[Extracted records]

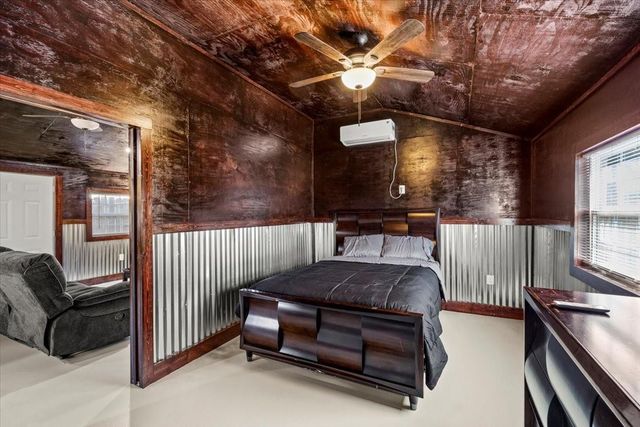 2823 Avenue Q B, Galveston, TX 77550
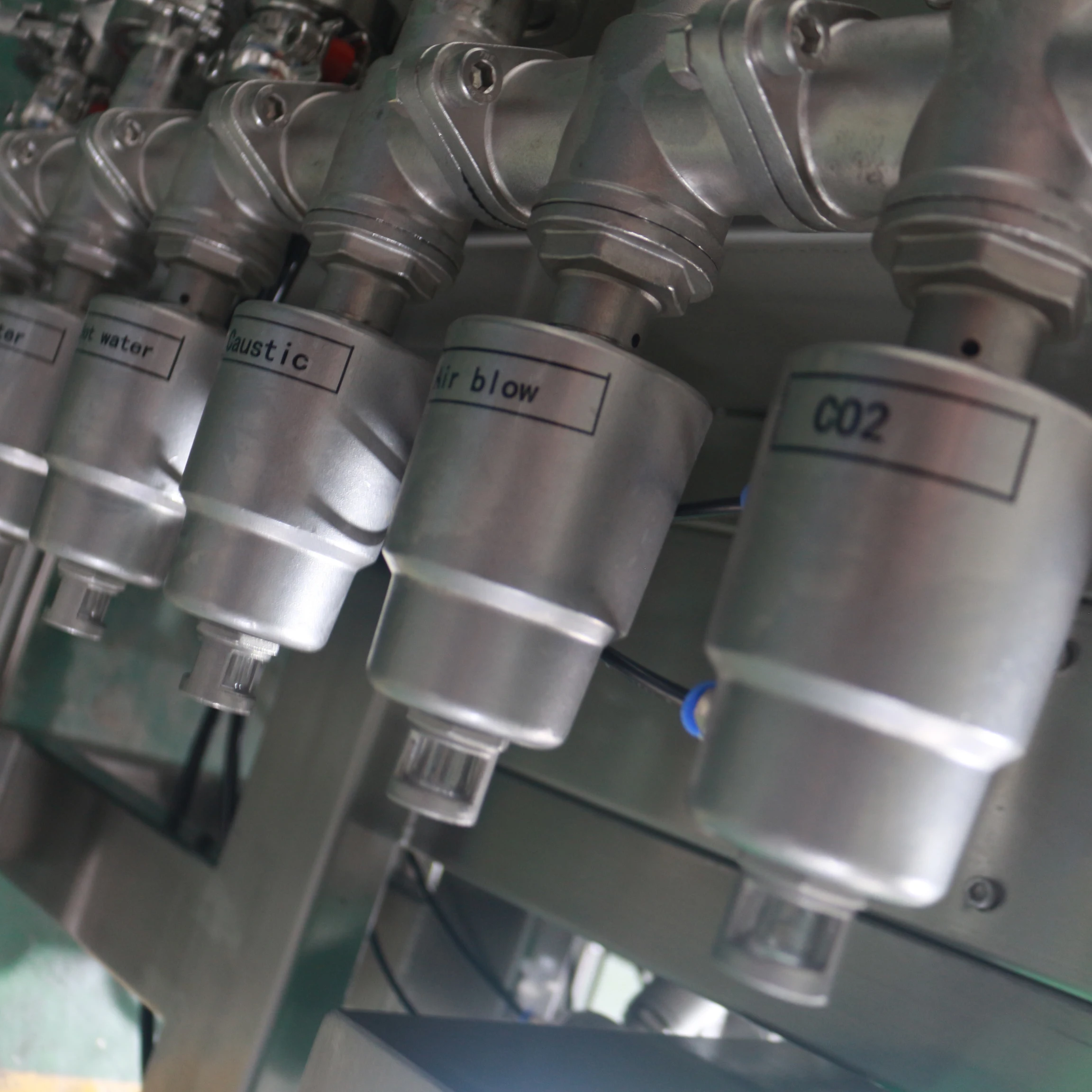 8 Heads Semi-automatic Beer bottle filling and capping machine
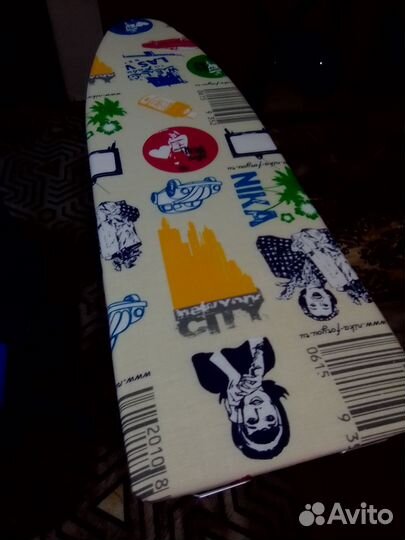 Гладильная доска со встроенной розеткой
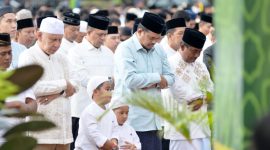 Gubernur Sumatera Utara Muhammad Bobby Afif Nasution melaksanakan Salat Iduladha 1447 Hijriah bersama masyarakat di Lapangan Merdeka, Kota Binjai, Rabu (27/5/2026) pagi. Foto: Ist.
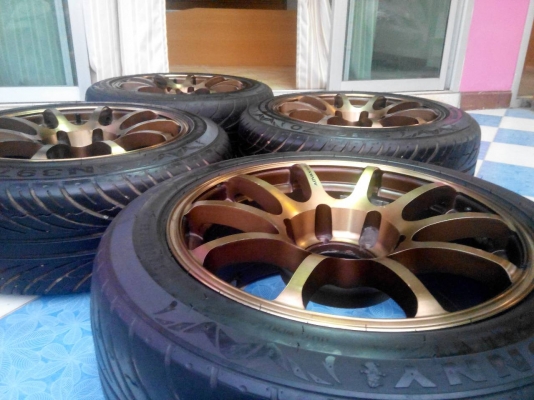 ขายadvan racing-rs17/6/139กว้าง8"พร้อมยาง215/55/17ปี12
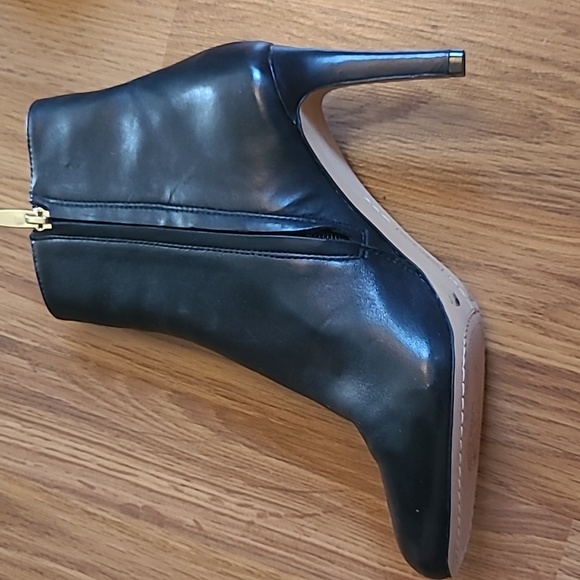 Vince Camuto Ankle Boot - Picture 3 of 7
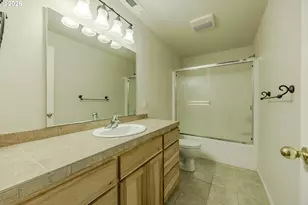 755 South 47th Place, Springfield, OR 97478 - Photo 38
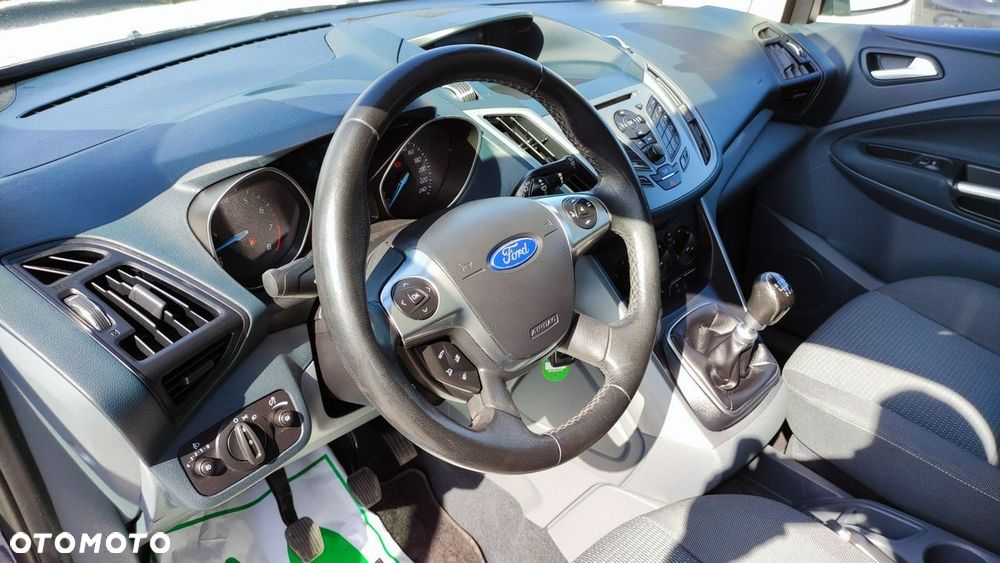 Ford C-MAX - 32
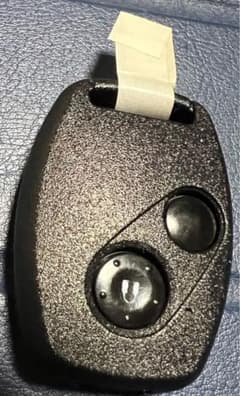 ホンダ純正リモコンキー　2ボタン電池動作確認済みのサムネイル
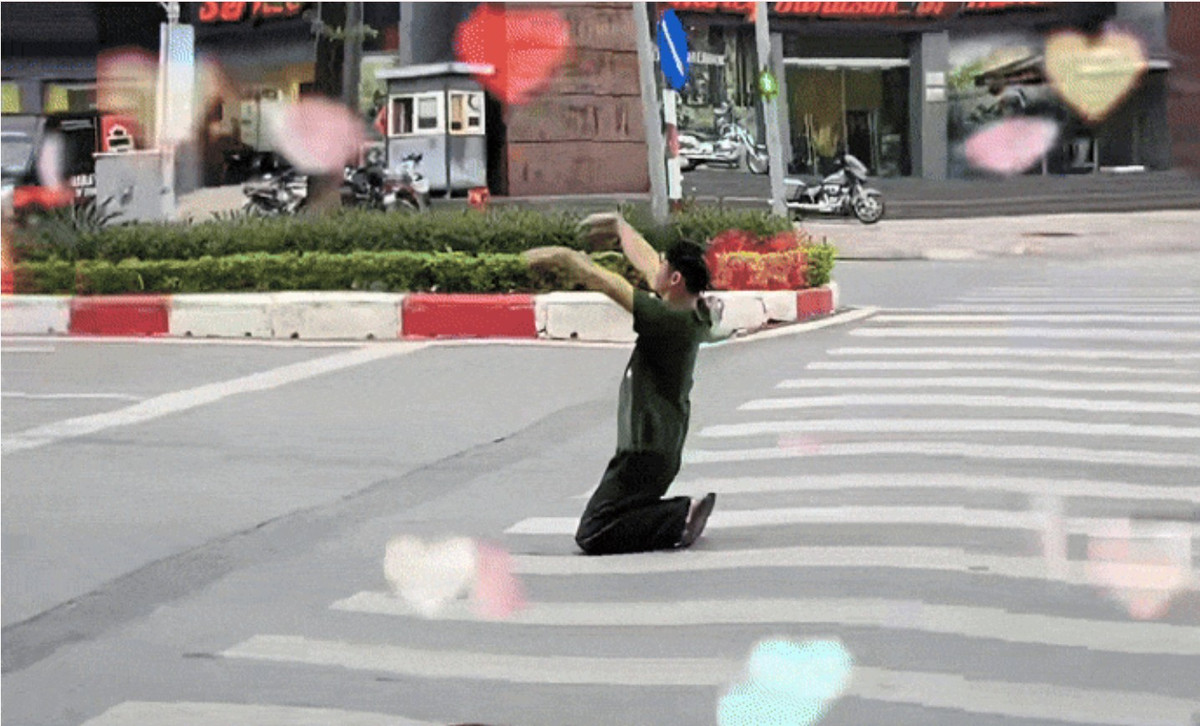 Hành động của nam TikToker cũng được một số người đi đường ghi lại, chia sẻ trên mạng xã hội.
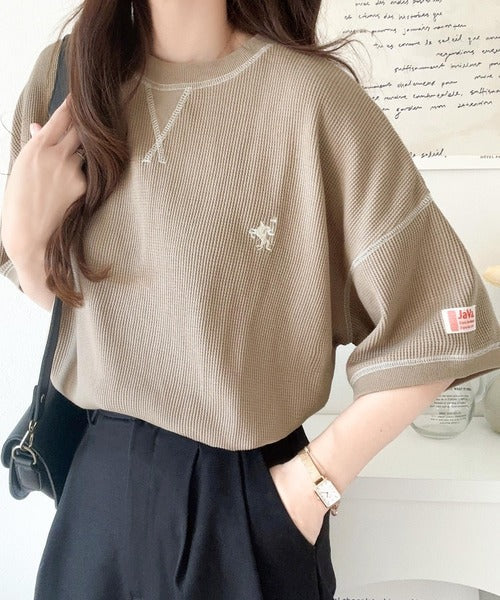 《JaVa ジャバコラボ》ポコポコ素材が今の気分♪胸刺繍＆配色ステッチワッフル半袖Tシャツ jv1260111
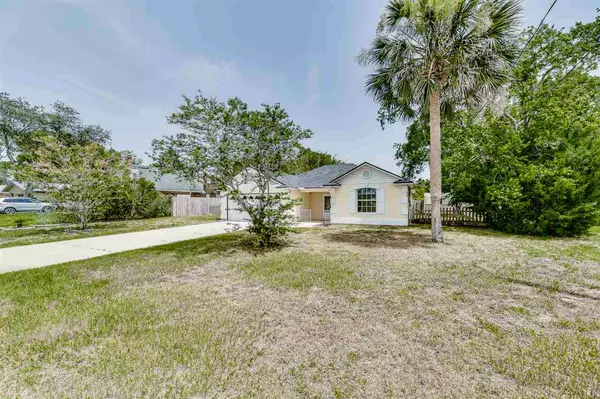 201 Warbler Rd, St Augustine, FL 32086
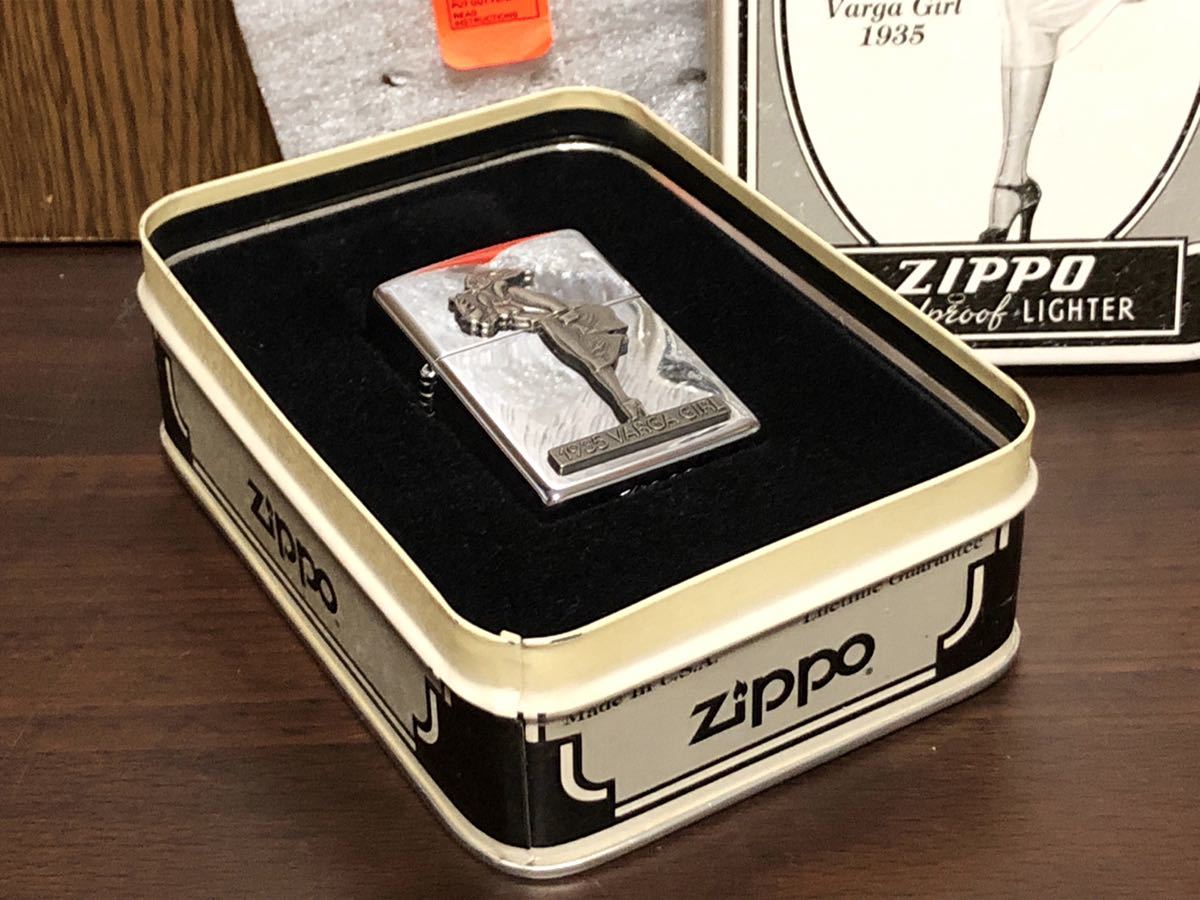 未使用品 1993年 ZIPPO ジッポ ジッポー ライター 1935 VARGA GIRL ウィンディ バルガ モデル ガール 立体 メタル MADE IN USA 缶ケース_画像4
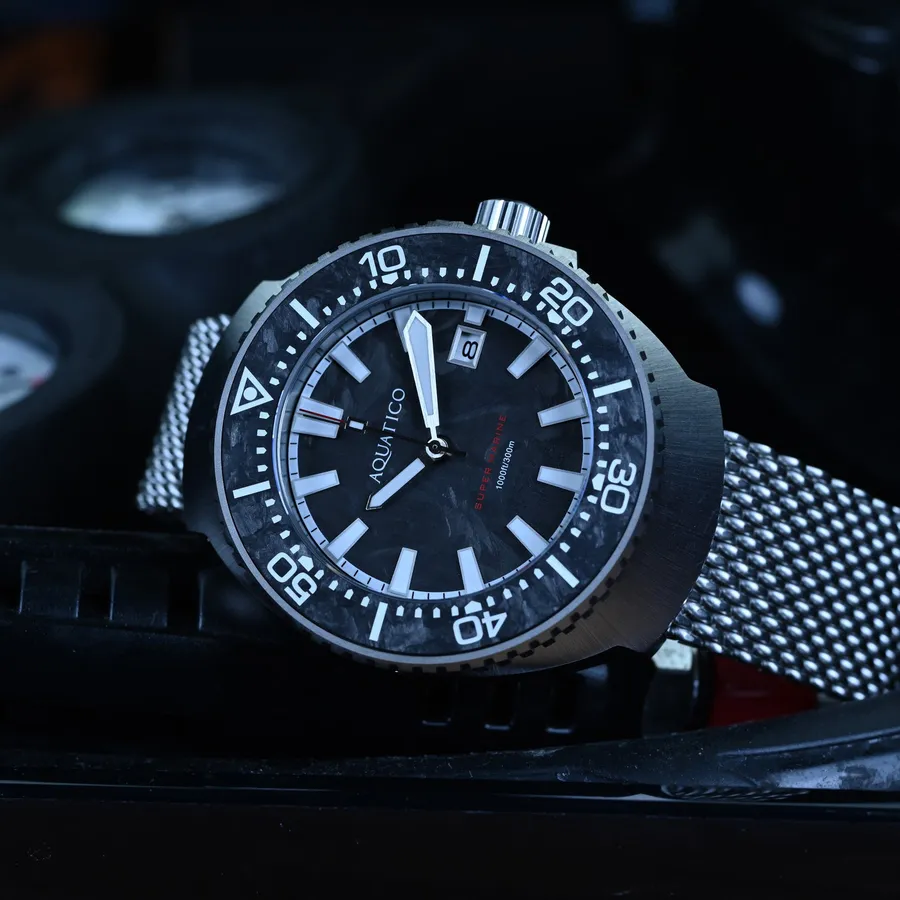 Aquatico Super Marine with black forged carbon dial, forged carbon bezel and date, on steel mesh bracelet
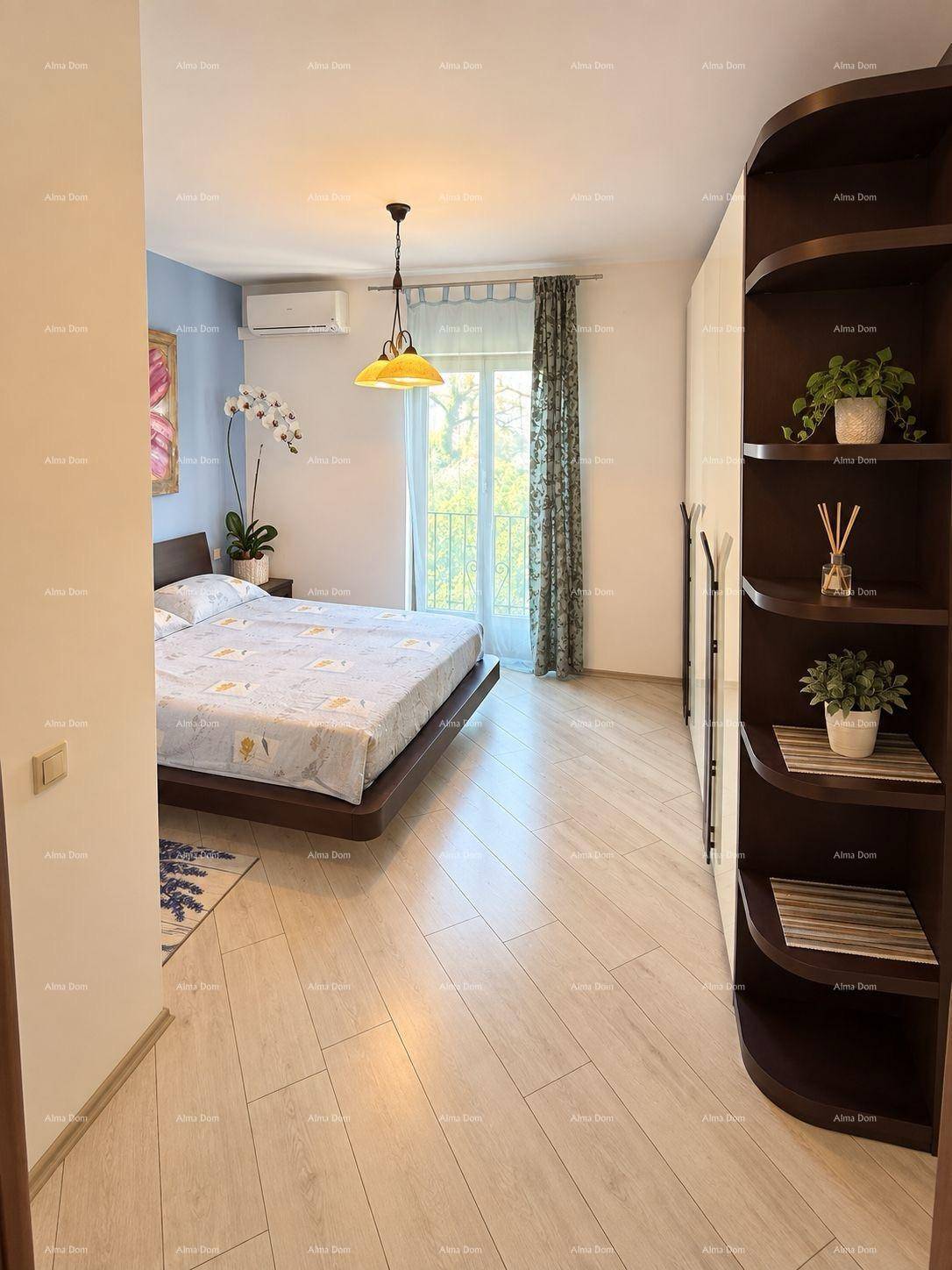 Helles Schlafzimmer mit modernem Bett, Einbauschrank und Zugang zu einem französischen Balkon.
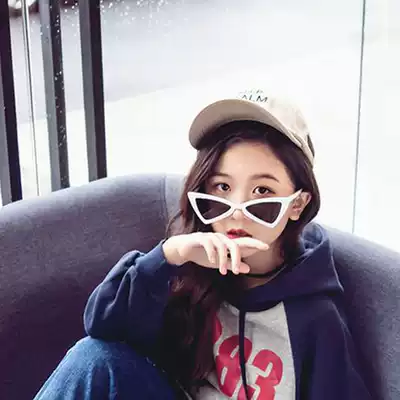 Children's sunglasses sunglasses boys and girls triangle anti UV sunshade baby travel Princess glasses tide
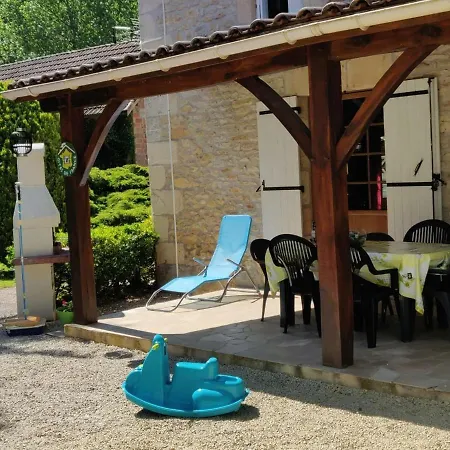 Maison Familiale Pres De Avec Jardin, Jeux Pour Enfants, Wifi Et Animaux Acceptes - Fr-1-616-84 Holiday home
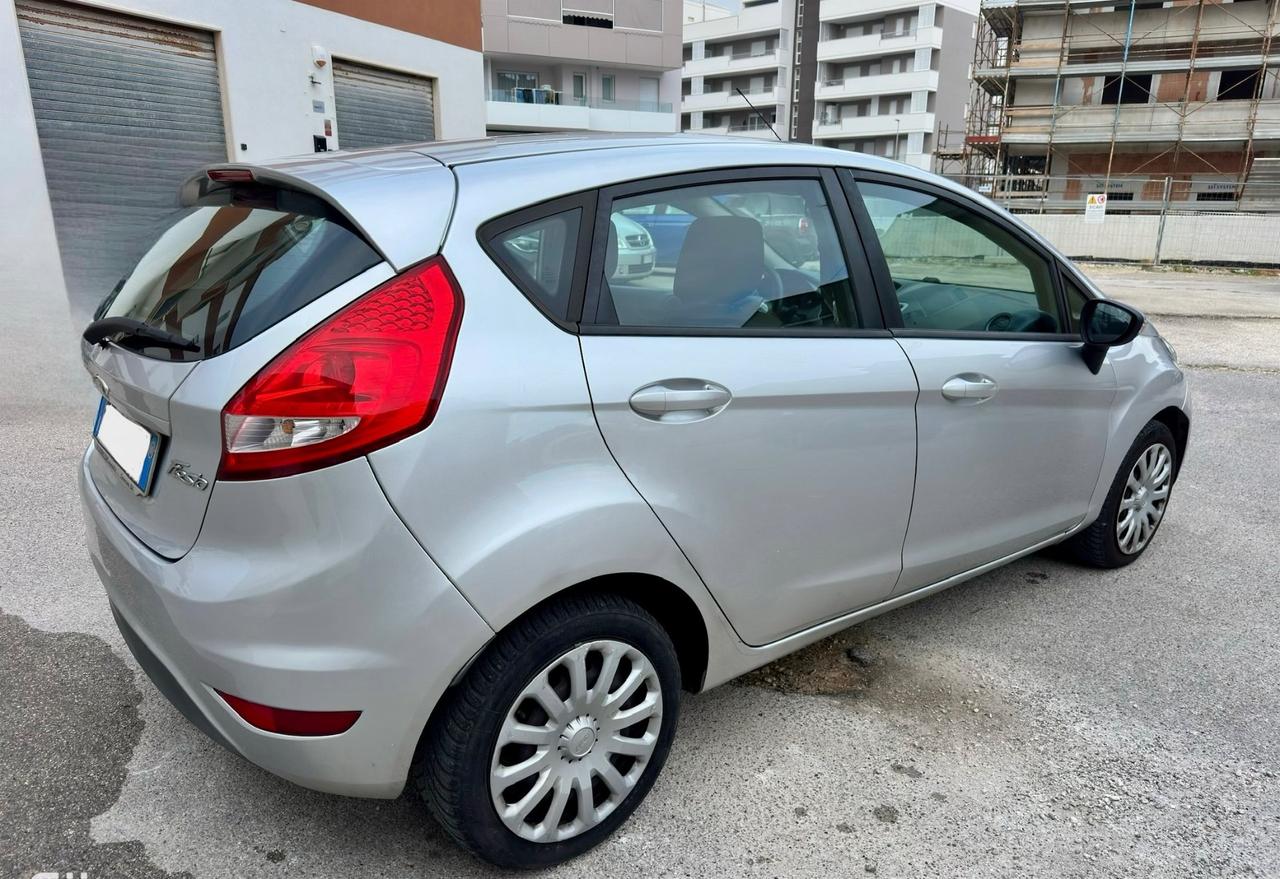 Ford Fiesta Fiesta+ 1.4 TDCi 70CV 5 porte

▶ _Exercise_
Could you copy the data above exactly, leaving the pictures out?

▶ _Response to this exercise_
 2823 Avenue Q B, Galveston, TX 77550
 8 Heads Semi-automatic Beer bottle filling and capping machine
 Гладильная доска со встроенной розеткой
 Gubernur Sumatera Utara Muhammad Bobby Afif Nasution melaksanakan Salat Iduladha 1447 Hijriah bersama masyarakat di Lapangan Merdeka, Kota Binjai, Rabu (27/5/2026) pagi. Foto: Ist.
 ขายadvan racing-rs17/6/139กว้าง8"พร้อมยาง215/55/17ปี12
 Vince Camuto Ankle Boot - Picture 3 of 7
 755 South 47th Place, Springfield, OR 97478 - Photo 38
 Ford C-MAX - 32
 ホンダ純正リモコンキー　2ボタン電池動作確認済みのサムネイル
 Hành động của nam TikToker cũng được một số người đi đường ghi lại, chia sẻ trên mạng xã hội.
 《JaVa ジャバコラボ》ポコポコ素材が今の気分♪胸刺繍＆配色ステッチワッフル半袖Tシャツ jv1260111
 201 Warbler Rd, St Augustine, FL 32086
 未使用品 1993年 ZIPPO ジッポ ジッポー ライター 1935 VARGA GIRL ウィンディ バルガ モデル ガール 立体 メタル MADE IN USA 缶ケース_画像4
 Aquatico Super Marine with black forged carbon dial, forged carbon bezel and date, on steel mesh bracelet
 Helles Schlafzimmer mit modernem Bett, Einbauschrank und Zugang zu einem französischen Balkon.
 Children's sunglasses sunglasses boys and girls triangle anti UV sunshade baby travel Princess glasses tide
 Maison Familiale Pres De Avec Jardin, Jeux Pour Enfants, Wifi Et Animaux Acceptes - Fr-1-616-84 Holiday home
 Ford Fiesta Fiesta+ 1.4 TDCi 70CV 5 porte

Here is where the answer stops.